Legislatura 16ª - 7ª Commissione permanente - Resoconto sommario n. 349 del 31/01/2012

            Il presidente relatore POSSA (PdL) illustra indi l'atto n. 83, sottolineando come il programma di ricerca della Comunità europea dell'energia atomica si riferisca, per disposizione del Trattato di Roma, ad un arco temporale di cinque anni, a differenza degli atri programmi comunitari che coprono invece un settennato. Il prossimo programma si riferisce quindi al periodo 2014-2018, pur afferendo a sua volta al Programma quadro "Orizzonte 2020", il cui periodo di riferimento è il settennio 2014-2010. Esso si articola in due tronconi, di cui uno relativo all'energia nucleare da fusione e l'altro all'energia nucleare da fissione. I programmi relativi a quest'ultima riguardano peraltro solo la radioprotezione e la sicurezza, riferita sia agli impianti che ai furti di materiale radioattivo per attività terroristiche. Le azioni si inseriscono nei tre macro obiettivi di "Orizzonte 2020": eccellenza scientifica, leadership industriale e sfide per la società. Per la prima volta, il programma Euratom è attuato mediante un unico regolamento, che stabilisce tutte le disposizioni necessarie per la realizzazione di attività di ricerca nucleare. Il progetto ITER è tuttavia oggetto di una decisione a parte perché il suo finanziamento esula da questo quadro finanziario. Con riguardo a tale progetto, il Presidente relatore stigmatizza peraltro il considerando n. 7 allo schema di regolamento, laddove si ipotizza una tabella di marcia ambiziosa ma realistica per arrivare alla produzione di elettricità entro il 2050.

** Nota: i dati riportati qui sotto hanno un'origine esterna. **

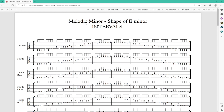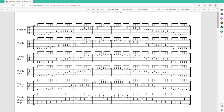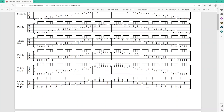We're looking at the melodic minor shape of E — the first of the five shapes we're studying — and we're looking at the intervals. Here we have intervals of seconds, intervals of thirds, reversed thirds, alternated A, alternated B (there is a variation), and I've already added the double stops — in this case third double stops.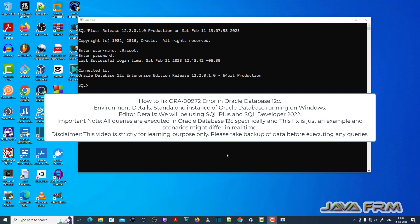Welcome to Java Forum. Now I'm going to show you how to fix ORA00972 error in Oracle Database 12c.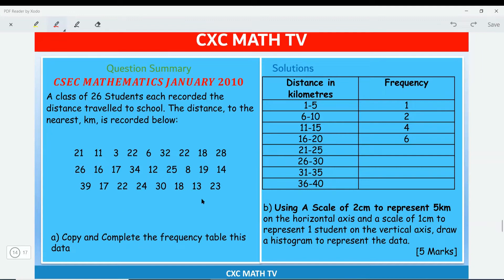We need to complete the table using the numbers given. Between one and five there's only one, which is the three. Between six and ten we continue. Now completing from 21 to 25 — highlighted in yellow — we find 21, 22, 22, 25, another 22, a 24, and a 23. That's one, two, three, four, five, six, seven. So from 21 to 25 the frequency is seven.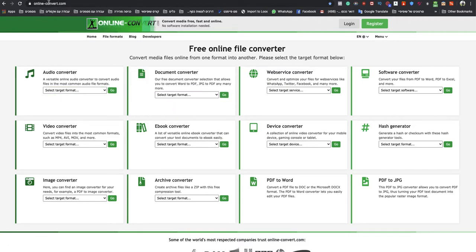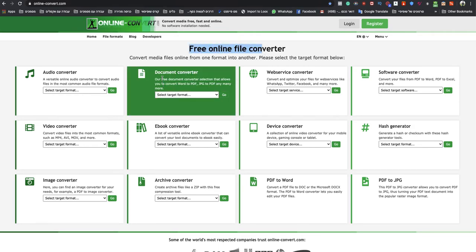You go to onlineconvert.com. This is a free online file converter. You go to that section, document converter, and guys, I will leave a link to that specific website under this video. Don't worry, okay?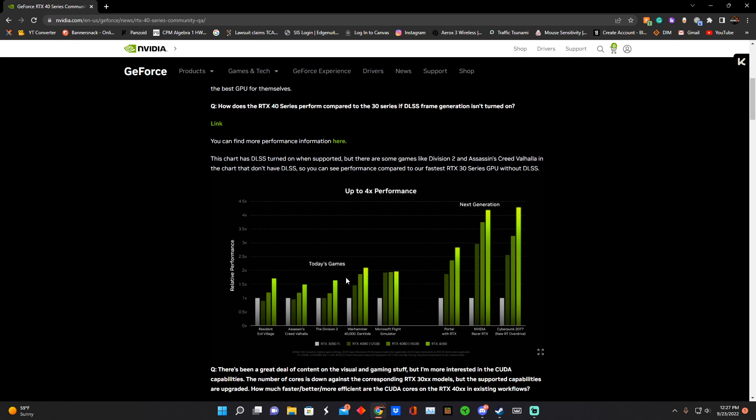The 4080 12 gig is on the AD104 die, and if you look at past generations, the 104s are normally the 4070s or the 70 series, like the 1070, 2070, 3070. Those are normally AD104 or end in 104. This is the 102 die, and then the full die would be the 4090 Ti.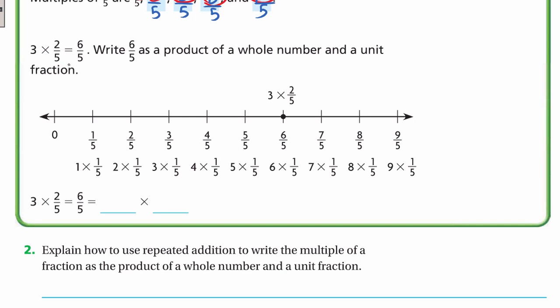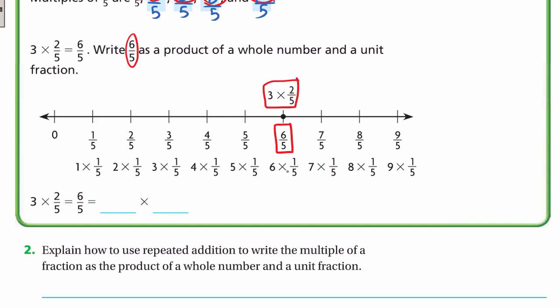Now: 3 × 2/5 = 6/5. Write 6/5 as a product of a whole number and a unit fraction. One fifth is the same as 1 × 1/5; two fifths is 2 × 1/5; three fifths is 3 × 1/5; four fifths is 4 × 1/5; five fifths is 5 × 1/5; and six fifths is 6 × 1/5. So 6/5 can be written as 6 × 1/5.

            La dotazione finanziaria del programma è pari a circa 1.788 milioni di euro, così ripartiti: circa 710 milioni per azioni indirette per la fusione; circa 355 milioni per azioni indirette per la fissione e circa 724 milioni per azioni dirette. La percentuale massima per le spese amministrative della Commissione è stata fissata al 13,5 per cento.

            Il regolamento disciplina poi le forme di partenariato pubblico-privato e pubblico-pubblico, nonché la cooperazione con Paesi terzi, la partecipazione delle piccole e medie imprese, il controllo e la valutazione. Quanto a quest'ultima, il Presidente relatore auspica che sia davvero indipendente e terza. Dopo aver riferito che tutte le attività di ricerca svolte nell'ambito di questo programma dovranno rispettare i principi etici, egli si sofferma infine sugli allegati allo schema di regolamento, che recano le modalità di gestione dei macro progetti. Al riguardo, egli manifesta il timore che si tratti più di buone intenzioni che di procedure effettivamente operative.

 

            Il seguito dell'esame congiunto è rinviato.